*What is needed*:
Starting at the line that holds "Eucerin Hyaluron-Filler +" and stopping at the line that holds "Taylor Swift und", restate the records below word for word, with both of those lines included.

*Records to use*:
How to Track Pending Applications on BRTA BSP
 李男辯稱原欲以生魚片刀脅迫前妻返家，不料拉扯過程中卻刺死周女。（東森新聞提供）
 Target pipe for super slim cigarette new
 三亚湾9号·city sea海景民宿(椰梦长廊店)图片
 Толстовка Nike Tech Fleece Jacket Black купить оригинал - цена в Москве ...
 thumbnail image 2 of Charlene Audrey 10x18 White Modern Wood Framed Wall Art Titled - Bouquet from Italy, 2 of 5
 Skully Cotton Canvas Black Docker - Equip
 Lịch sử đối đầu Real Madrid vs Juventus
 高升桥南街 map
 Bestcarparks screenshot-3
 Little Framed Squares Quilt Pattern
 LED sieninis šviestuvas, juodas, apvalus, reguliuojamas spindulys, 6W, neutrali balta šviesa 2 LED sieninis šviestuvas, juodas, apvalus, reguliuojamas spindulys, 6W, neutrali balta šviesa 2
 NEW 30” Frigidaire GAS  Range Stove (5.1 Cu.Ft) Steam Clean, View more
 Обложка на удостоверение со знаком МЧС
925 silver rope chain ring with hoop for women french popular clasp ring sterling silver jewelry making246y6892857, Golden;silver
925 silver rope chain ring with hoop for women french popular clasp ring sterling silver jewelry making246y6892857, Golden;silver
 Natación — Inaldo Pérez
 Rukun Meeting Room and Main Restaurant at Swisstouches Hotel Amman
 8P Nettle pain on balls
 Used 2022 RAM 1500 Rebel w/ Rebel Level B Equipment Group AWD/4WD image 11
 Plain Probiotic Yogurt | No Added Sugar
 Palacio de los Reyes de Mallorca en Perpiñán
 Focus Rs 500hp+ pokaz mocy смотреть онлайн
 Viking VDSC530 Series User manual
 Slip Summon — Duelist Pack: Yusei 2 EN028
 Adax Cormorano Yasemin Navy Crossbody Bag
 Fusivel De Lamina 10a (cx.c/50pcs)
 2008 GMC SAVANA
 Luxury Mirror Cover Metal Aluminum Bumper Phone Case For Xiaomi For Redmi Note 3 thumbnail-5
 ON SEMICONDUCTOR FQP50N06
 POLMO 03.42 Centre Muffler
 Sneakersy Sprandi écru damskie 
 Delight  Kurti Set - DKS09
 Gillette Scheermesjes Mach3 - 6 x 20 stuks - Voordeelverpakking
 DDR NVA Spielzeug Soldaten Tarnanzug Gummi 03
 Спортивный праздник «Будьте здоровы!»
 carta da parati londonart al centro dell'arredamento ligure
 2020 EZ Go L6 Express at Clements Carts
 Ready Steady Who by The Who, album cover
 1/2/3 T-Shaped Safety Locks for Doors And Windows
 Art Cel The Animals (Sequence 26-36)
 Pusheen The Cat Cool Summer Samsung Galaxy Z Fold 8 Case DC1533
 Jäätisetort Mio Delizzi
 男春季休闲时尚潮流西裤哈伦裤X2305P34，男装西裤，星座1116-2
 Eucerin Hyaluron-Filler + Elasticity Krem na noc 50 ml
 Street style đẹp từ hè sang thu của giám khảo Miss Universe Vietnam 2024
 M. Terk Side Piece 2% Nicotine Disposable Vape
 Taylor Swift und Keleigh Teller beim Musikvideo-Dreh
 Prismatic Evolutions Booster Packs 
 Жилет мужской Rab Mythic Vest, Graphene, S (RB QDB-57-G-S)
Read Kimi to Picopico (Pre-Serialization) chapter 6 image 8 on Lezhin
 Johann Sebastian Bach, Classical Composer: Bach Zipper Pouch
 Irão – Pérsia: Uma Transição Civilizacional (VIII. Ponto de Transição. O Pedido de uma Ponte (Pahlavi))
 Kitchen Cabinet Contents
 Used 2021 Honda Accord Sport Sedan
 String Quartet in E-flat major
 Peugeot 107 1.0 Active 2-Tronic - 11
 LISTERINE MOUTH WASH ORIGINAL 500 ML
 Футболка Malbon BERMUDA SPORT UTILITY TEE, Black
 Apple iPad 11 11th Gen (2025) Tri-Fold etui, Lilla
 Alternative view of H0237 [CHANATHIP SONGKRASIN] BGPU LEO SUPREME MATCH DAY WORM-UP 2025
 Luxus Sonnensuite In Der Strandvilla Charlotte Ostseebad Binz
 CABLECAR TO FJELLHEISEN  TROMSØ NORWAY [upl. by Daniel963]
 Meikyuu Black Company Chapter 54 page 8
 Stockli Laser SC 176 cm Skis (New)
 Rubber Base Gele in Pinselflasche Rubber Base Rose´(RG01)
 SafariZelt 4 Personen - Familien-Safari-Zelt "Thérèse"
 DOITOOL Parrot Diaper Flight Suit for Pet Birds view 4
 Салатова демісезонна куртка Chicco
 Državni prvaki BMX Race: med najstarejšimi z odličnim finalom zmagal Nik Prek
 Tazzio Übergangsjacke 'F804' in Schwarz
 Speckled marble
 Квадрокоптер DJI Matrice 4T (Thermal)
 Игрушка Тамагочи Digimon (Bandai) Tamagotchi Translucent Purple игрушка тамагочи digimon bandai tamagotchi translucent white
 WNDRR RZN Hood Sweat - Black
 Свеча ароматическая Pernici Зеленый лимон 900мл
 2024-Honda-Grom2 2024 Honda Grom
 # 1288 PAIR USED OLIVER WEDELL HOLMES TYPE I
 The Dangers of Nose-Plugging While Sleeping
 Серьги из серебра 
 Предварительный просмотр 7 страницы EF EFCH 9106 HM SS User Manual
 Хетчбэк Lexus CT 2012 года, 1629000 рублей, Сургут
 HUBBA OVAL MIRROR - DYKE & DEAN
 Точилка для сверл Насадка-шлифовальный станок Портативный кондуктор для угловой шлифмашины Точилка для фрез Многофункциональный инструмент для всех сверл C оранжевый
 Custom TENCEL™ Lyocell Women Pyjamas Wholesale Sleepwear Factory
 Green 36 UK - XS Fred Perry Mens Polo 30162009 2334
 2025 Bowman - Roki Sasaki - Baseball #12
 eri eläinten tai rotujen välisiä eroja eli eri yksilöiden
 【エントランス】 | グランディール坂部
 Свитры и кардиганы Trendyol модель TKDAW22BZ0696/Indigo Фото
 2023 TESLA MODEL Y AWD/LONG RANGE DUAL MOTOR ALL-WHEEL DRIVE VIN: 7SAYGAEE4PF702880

*Written reply*:
 Eucerin Hyaluron-Filler + Elasticity Krem na noc 50 ml
 Street style đẹp từ hè sang thu của giám khảo Miss Universe Vietnam 2024
 M. Terk Side Piece 2% Nicotine Disposable Vape
 Taylor Swift und Keleigh Teller beim Musikvideo-Dreh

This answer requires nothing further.